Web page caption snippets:
· · · · ·
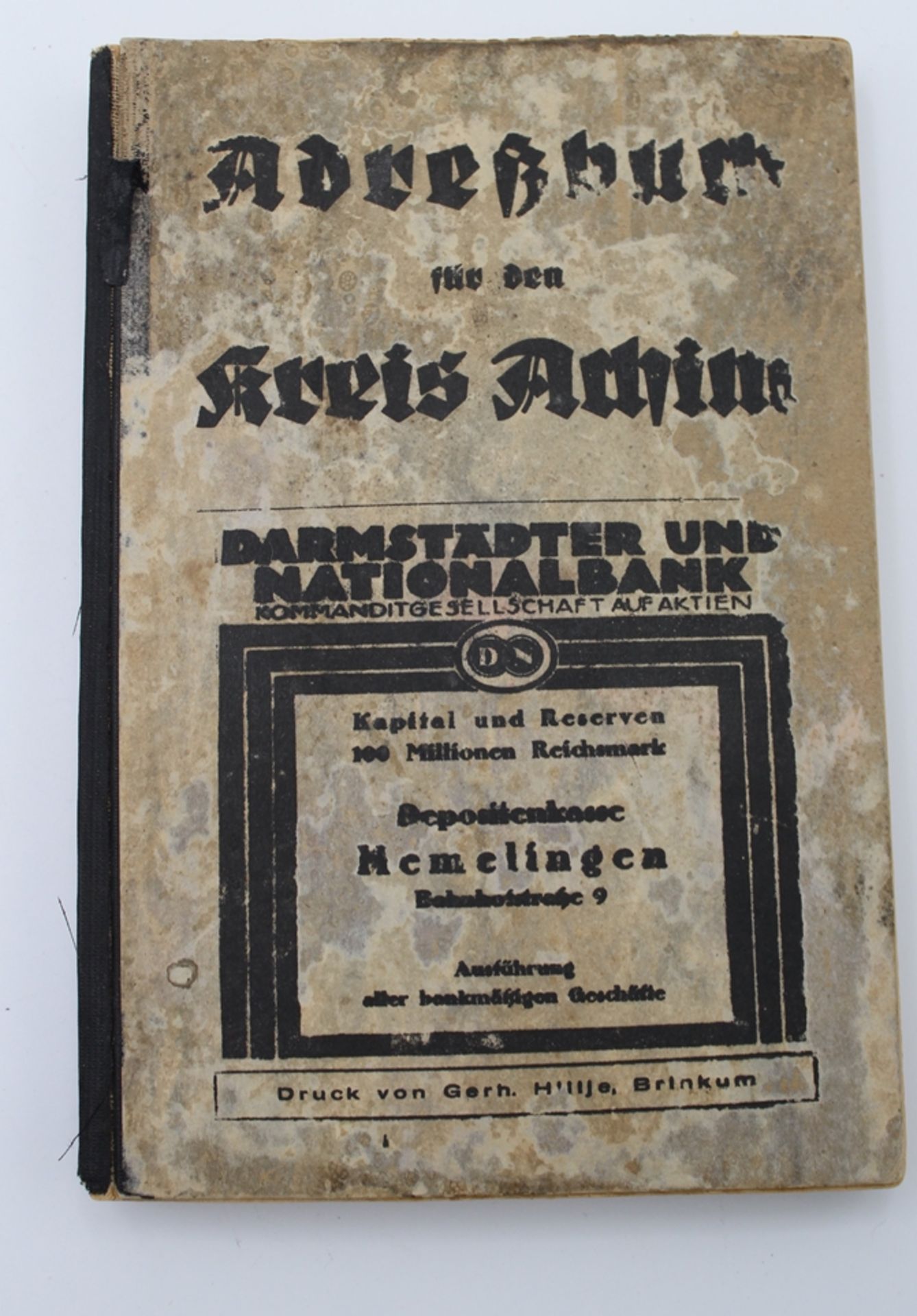 Adressbuch für den Kreis Achim um 1920, Altersspuren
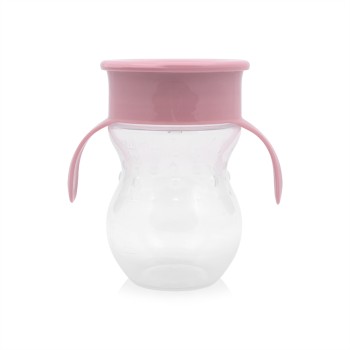 NON-SPILL CUP 360 DEGREES PINK 270ml with handles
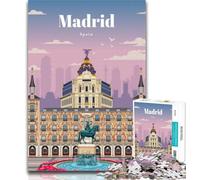 Jigsaw Travel to Madrid Jigsaw Puzzles 1000 Pieces for Adults Teens,is Ideal As A Gift for The Whole Family Suitable for And 14 75x50cm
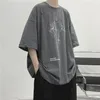 Zomer oversized t-shirt mannen t-shirt vrouwen bliksemafdruk met korte mouwen t-shirt retro donkere jas Koreaanse losse trend Harajuku 220509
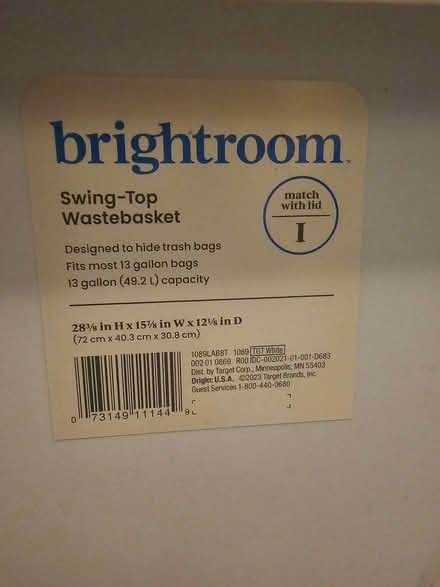 Photo of free White trash can (Stoneham) #2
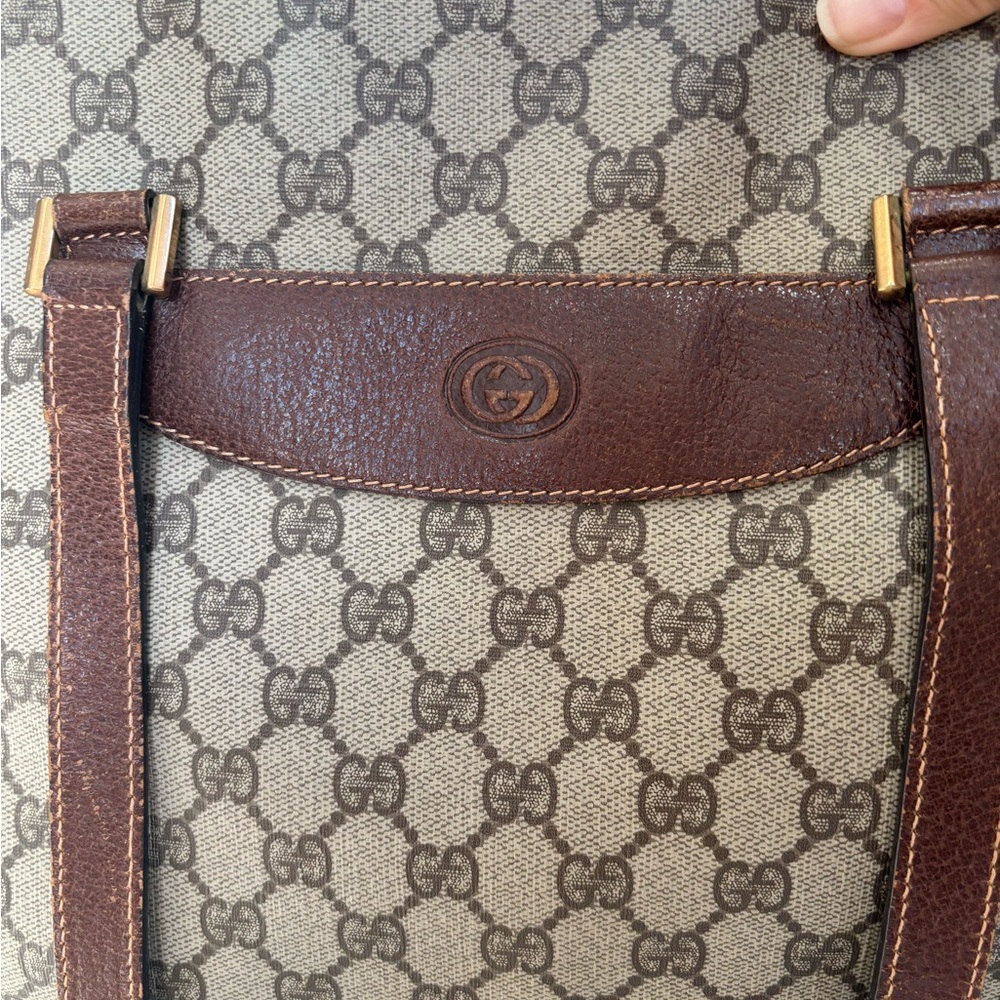 Gucci Vintage GG Supreme Monogram Canvas Shoulder Tote Brown Leather Trim Italy - Picture 3 of 10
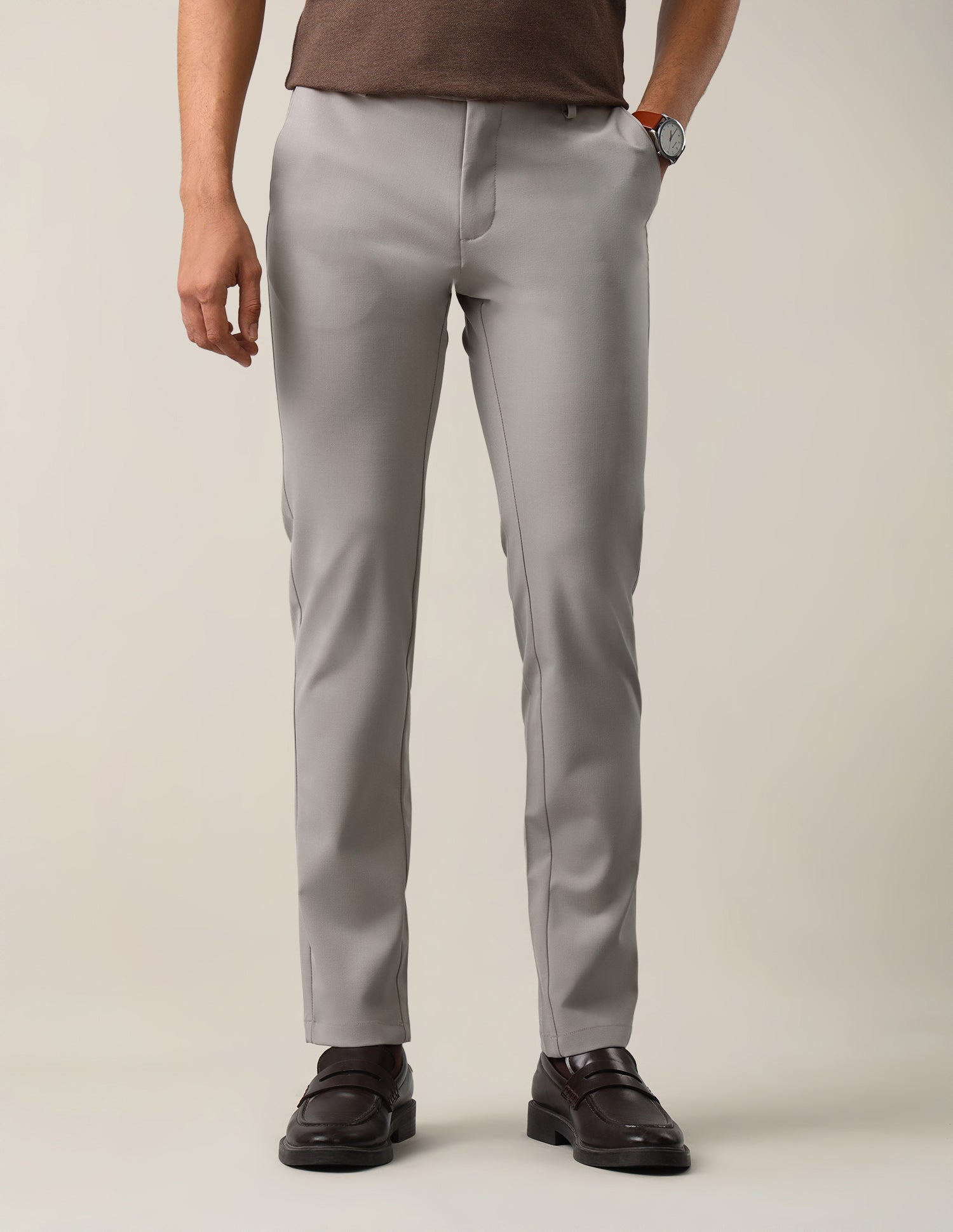 Denver Slim Fit Satin Trousers Ecru - U.S. Polo Assn. India | Large
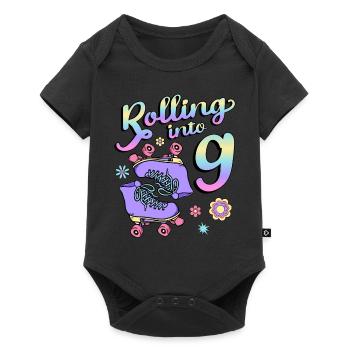 Rolling Into 9 Roller Skaters Floral 9th Year - Baby Premium Kurzarmbody - Schwarz - Vorne
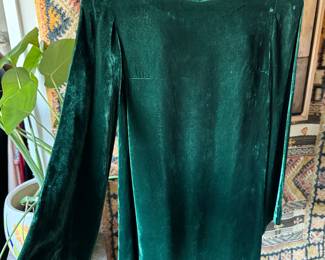 Handmade emerald green velvet mini dress with bell sleeves, size sm-med, $95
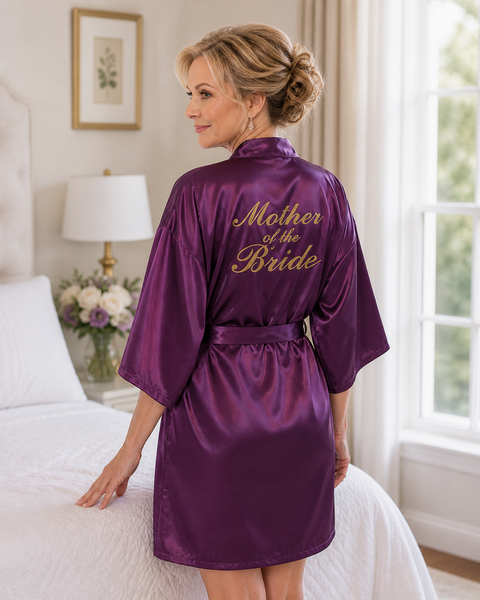 Molly Gold Glitter Robe - Mother of the Bride - Purple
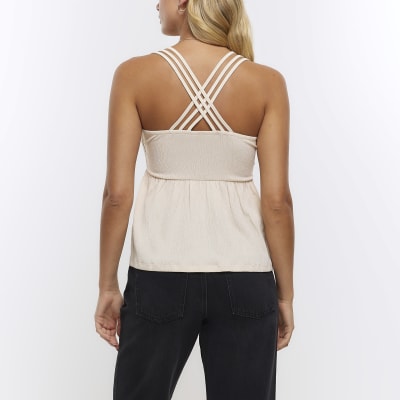 Beige crochet cami top River Island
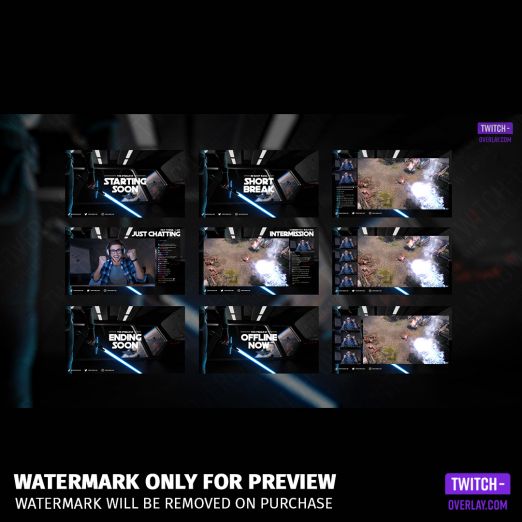 War in Space twitch overlay Package. showing all Stream Screens included.
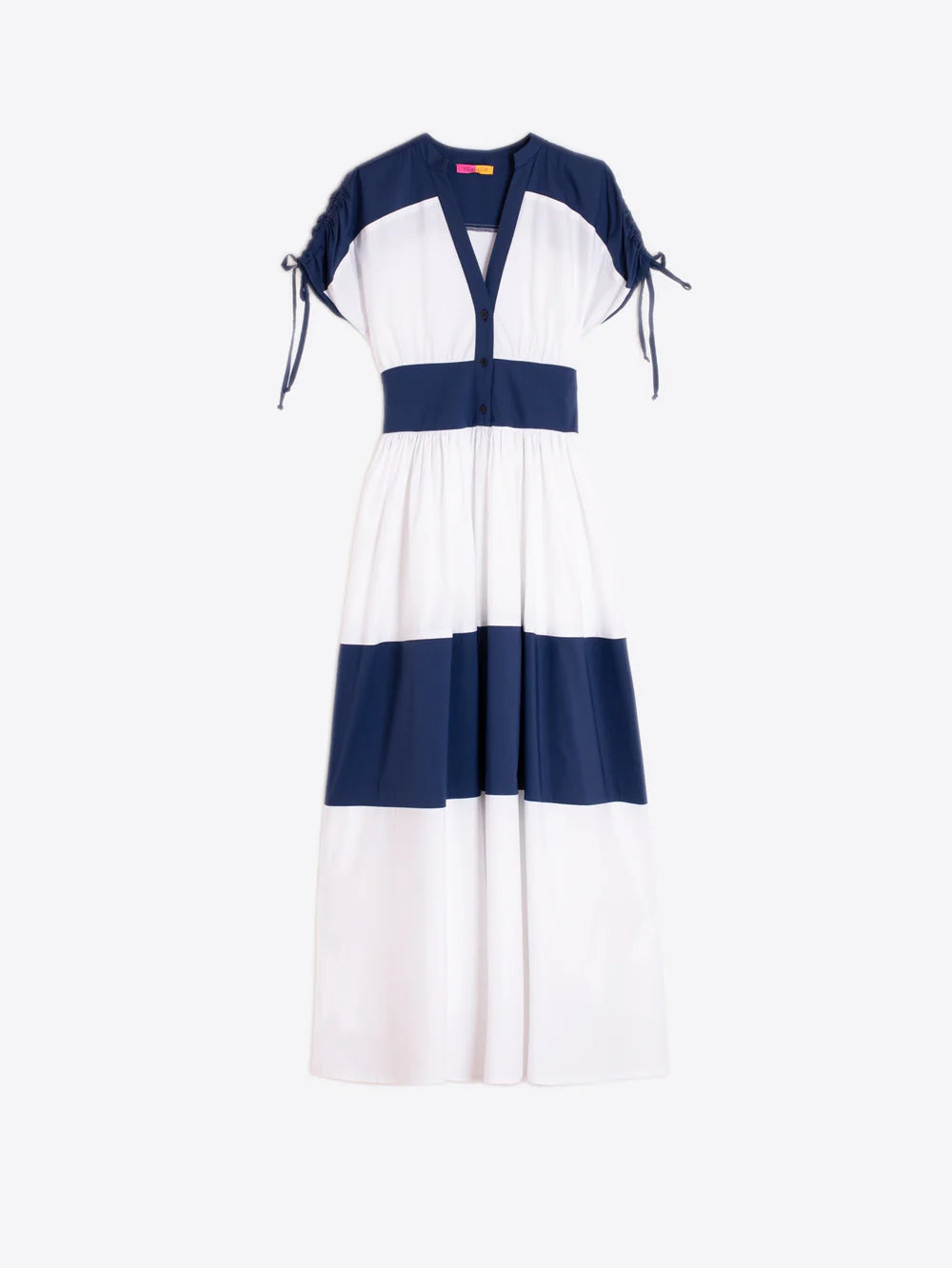 Vilagallo navy white block print maxi dress full length

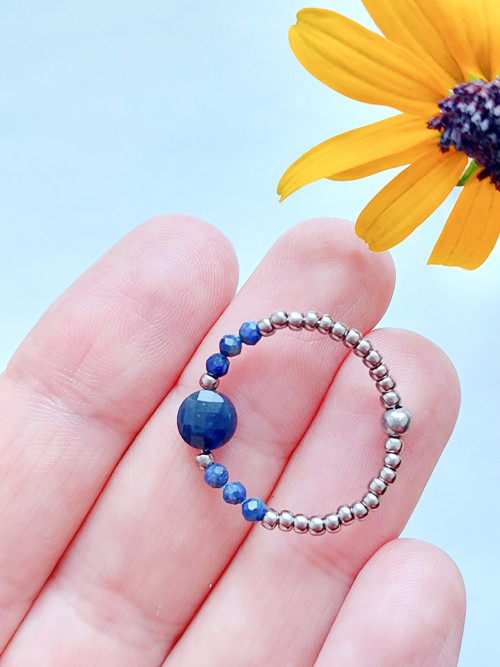 Minerálový prstýnek | lapis lazuli a amazonit — foto 4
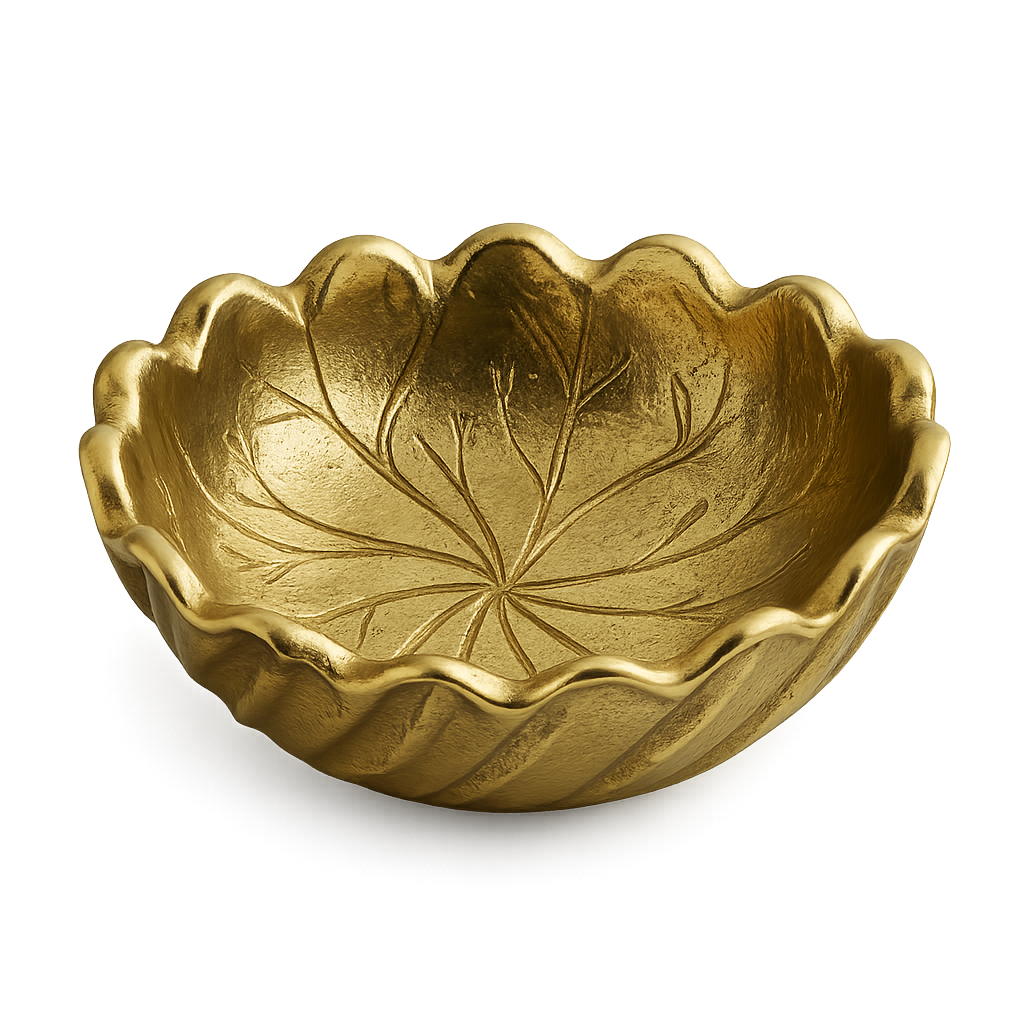 Golden Leaf Wave Decorative Bowl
· · · · ·
YOUR TASK ▸
Starting at the line above that contains "NON-SPILL CUP 360", transcribe every line exactly through the line that contains "Handmade emerald green", including that last one, and skip the pictures.

EXERCISE OUTPUT ▸
 NON-SPILL CUP 360 DEGREES PINK 270ml with handles
 Jigsaw Travel to Madrid Jigsaw Puzzles 1000 Pieces for Adults Teens,is Ideal As A Gift for The Whole Family Suitable for And 14 75x50cm
 Zomer oversized t-shirt mannen t-shirt vrouwen bliksemafdruk met korte mouwen t-shirt retro donkere jas Koreaanse losse trend Harajuku 220509
 Photo of free White trash can (Stoneham) #2
 Gucci Vintage GG Supreme Monogram Canvas Shoulder Tote Brown Leather Trim Italy - Picture 3 of 10
 Denver Slim Fit Satin Trousers Ecru - U.S. Polo Assn. India | Large
 Rolling Into 9 Roller Skaters Floral 9th Year - Baby Premium Kurzarmbody - Schwarz - Vorne
 Handmade emerald green velvet mini dress with bell sleeves, size sm-med, $95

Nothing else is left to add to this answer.